DATA SUPPLIED:
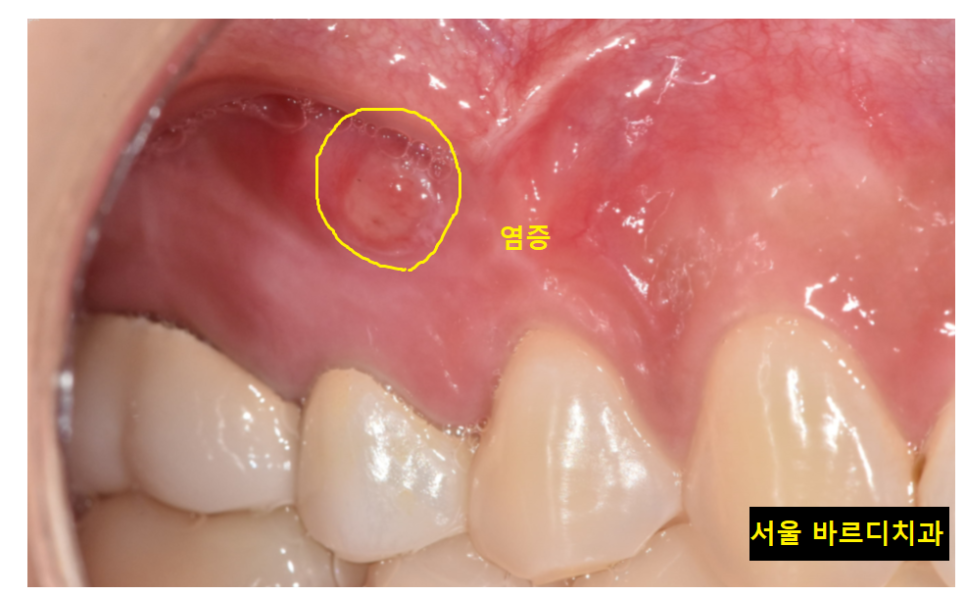망월동 치과 재신경치료 자연치아 살리기 끝판왕 치료 mta로 가능했습니다. 관련 이미지 4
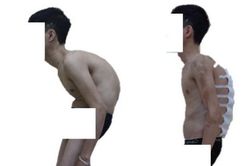 Nắn chỉnh biến dạng cột sống thành công cho bệnh nhân 'siêu gù'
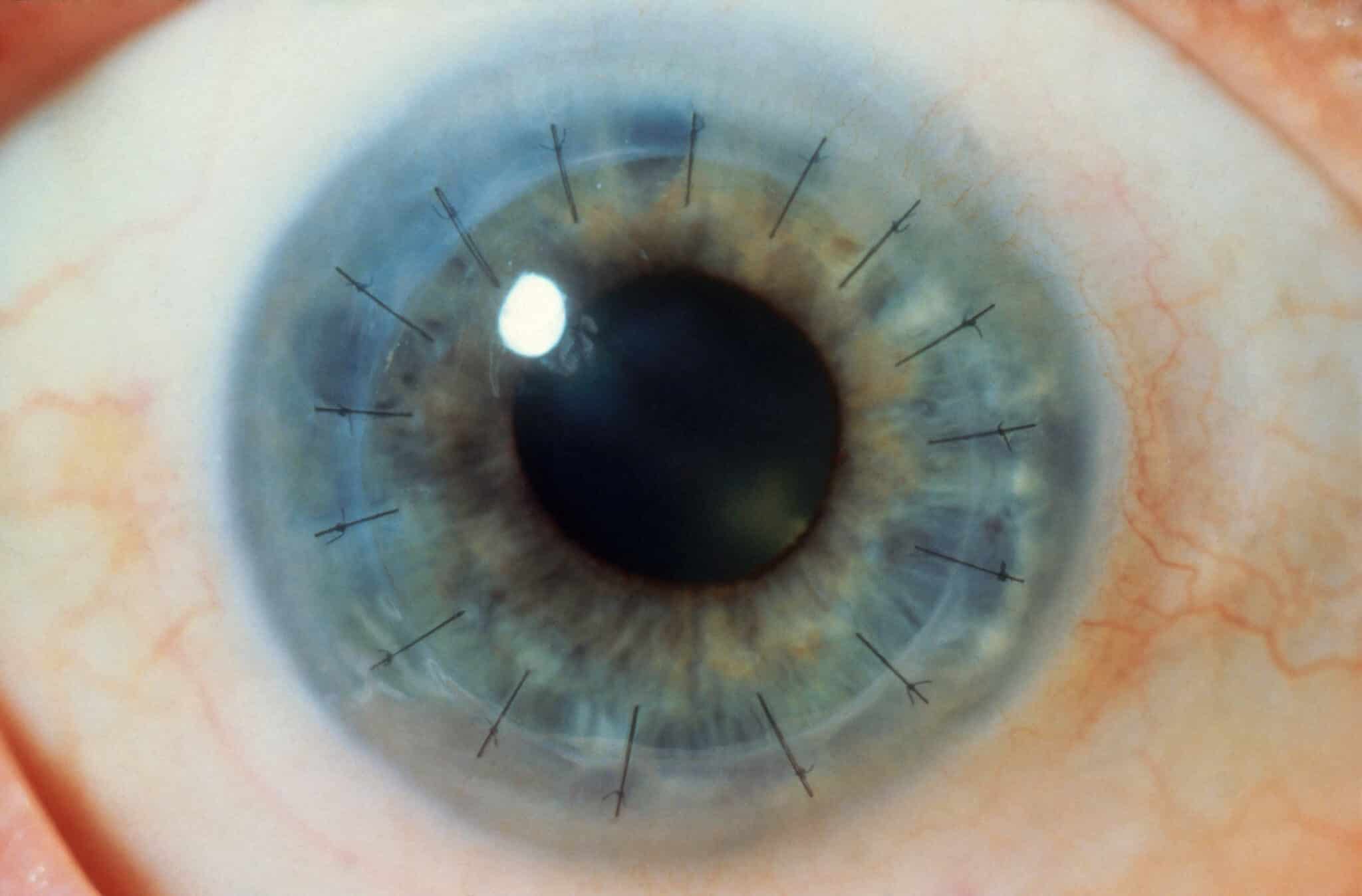 Addio al trapianto di cornea, nel 40% dei casi basterà un'iniezione di cellule endoteliali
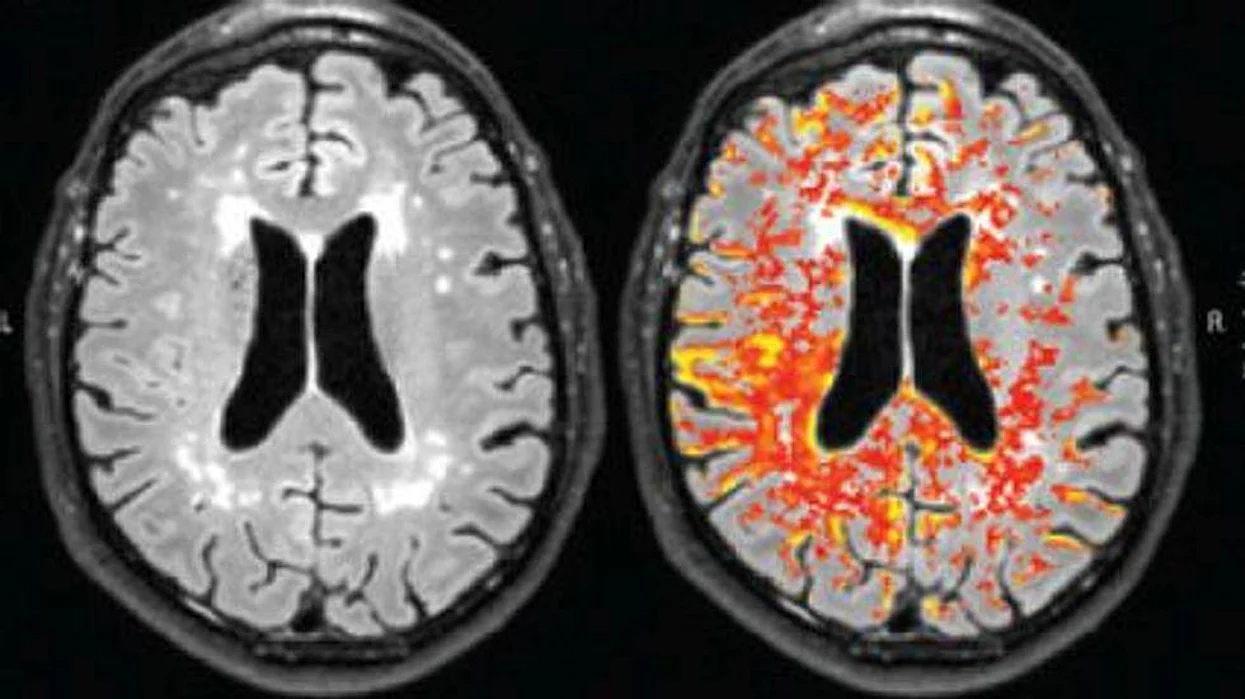 brain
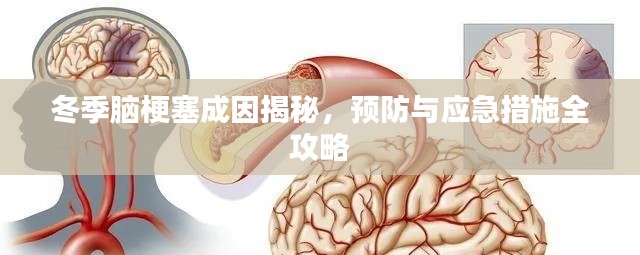 冬季腦梗塞成因揭秘，預(yù)防與應(yīng)急措施全攻略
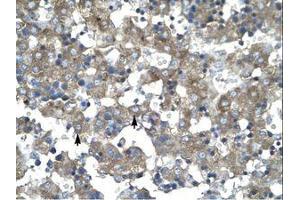 anti-Kruppel-Like Factor 15 (KLF15) (AA 45-94) antibody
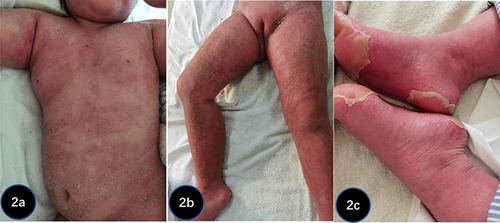 Figure 2 (a–c) Skin flushing in the forechest due to EP on April 25 gradually spread to the entire body, accompanied by dry yellow scabs and an absence of obvious pustules.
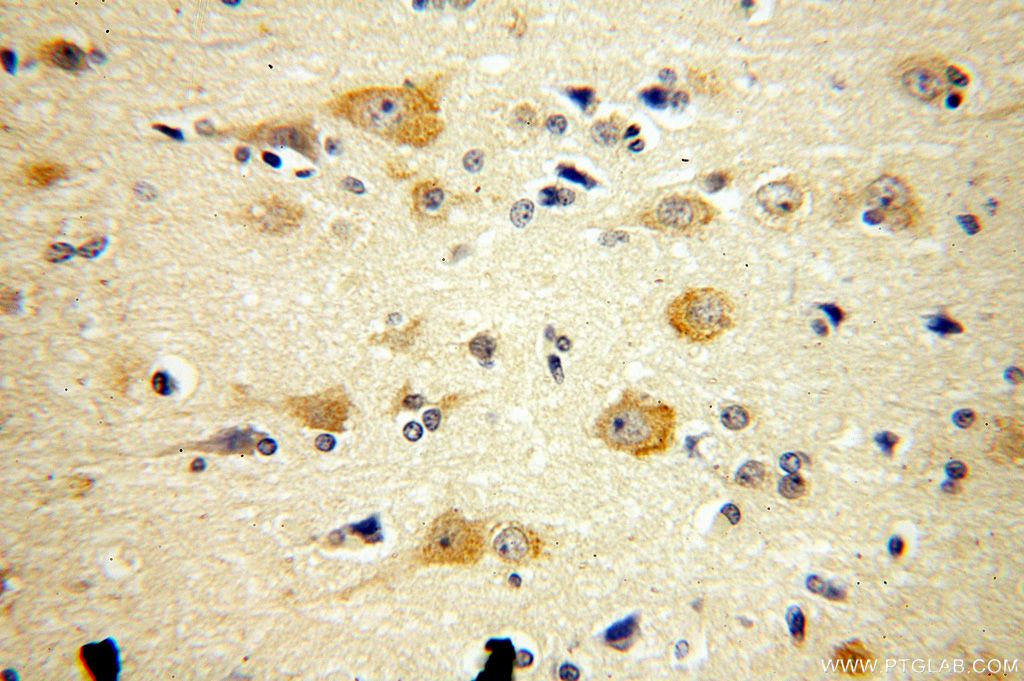 IHC staining of human brain using 16290-1-AP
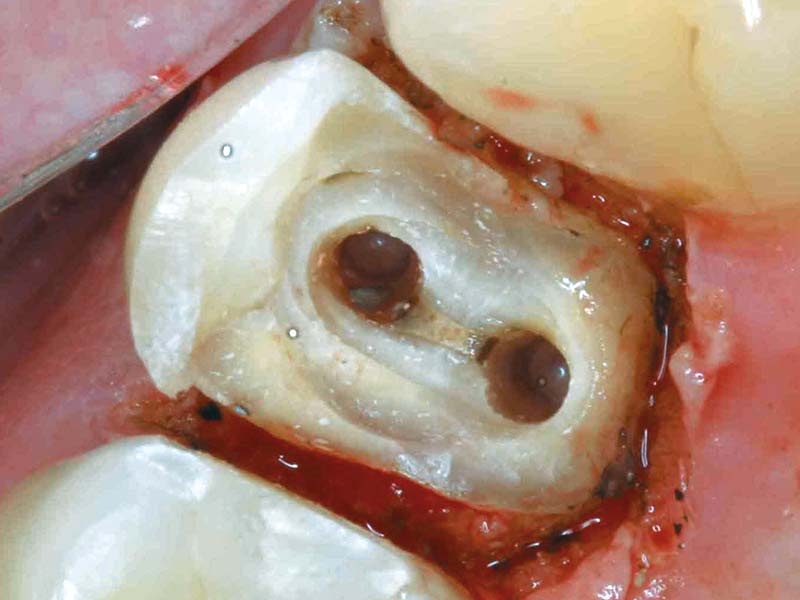 clinical-procedure-spee-dee-1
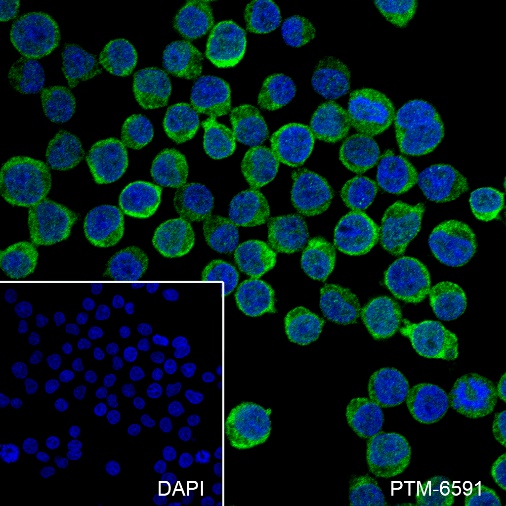 Anti-IkB beta Rabbit mAb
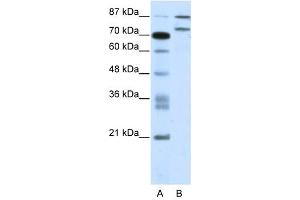 Western Blot showing ZNF709 antibody used at a concentration of 1-2 ug/ml to detect its target protein. (ZNF709 抗体  (N-Term))
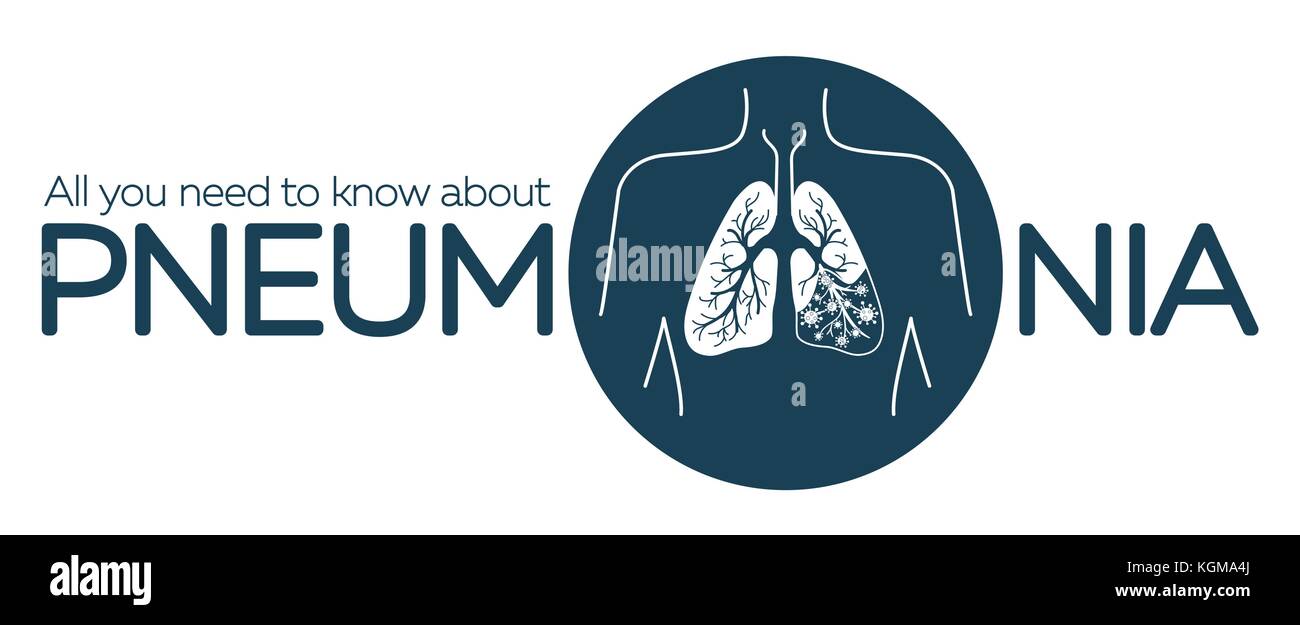Informationen Banner über Lungenentzündung in Form von Anatomie der Lunge und Bakterium verursacht Krankheit. Abbildung im linearen Stil Stock Vektor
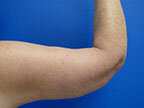 RGV Cosmetic Surgery Vein Care 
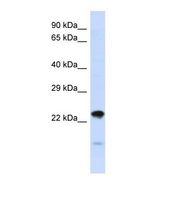 Western blot of Human HepG2. NIPSNAP3A antibody dilution 1.0 ug/ml.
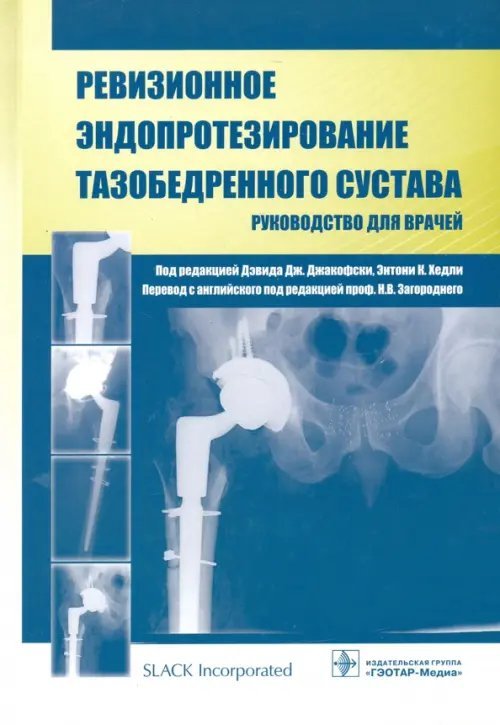 Ревизионное эндопротезирование тазобедренного сустава. Руководство для врачей Ревизионное эндопротезирование тазобедренного сустава. Руководство для врачей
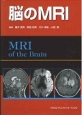 脳のMRI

EXERCISE PROMPT: Retype each line of the data exactly, beginning with the first; include the line containing "Figure 2 (a–c)" and stop there, skipping every picture.

TASK RESPONSE:
망월동 치과 재신경치료 자연치아 살리기 끝판왕 치료 mta로 가능했습니다. 관련 이미지 4
 Nắn chỉnh biến dạng cột sống thành công cho bệnh nhân 'siêu gù'
 Addio al trapianto di cornea, nel 40% dei casi basterà un'iniezione di cellule endoteliali
 brain
 冬季腦梗塞成因揭秘，預(yù)防與應(yīng)急措施全攻略
 anti-Kruppel-Like Factor 15 (KLF15) (AA 45-94) antibody
 Figure 2 (a–c) Skin flushing in the forechest due to EP on April 25 gradually spread to the entire body, accompanied by dry yellow scabs and an absence of obvious pustules.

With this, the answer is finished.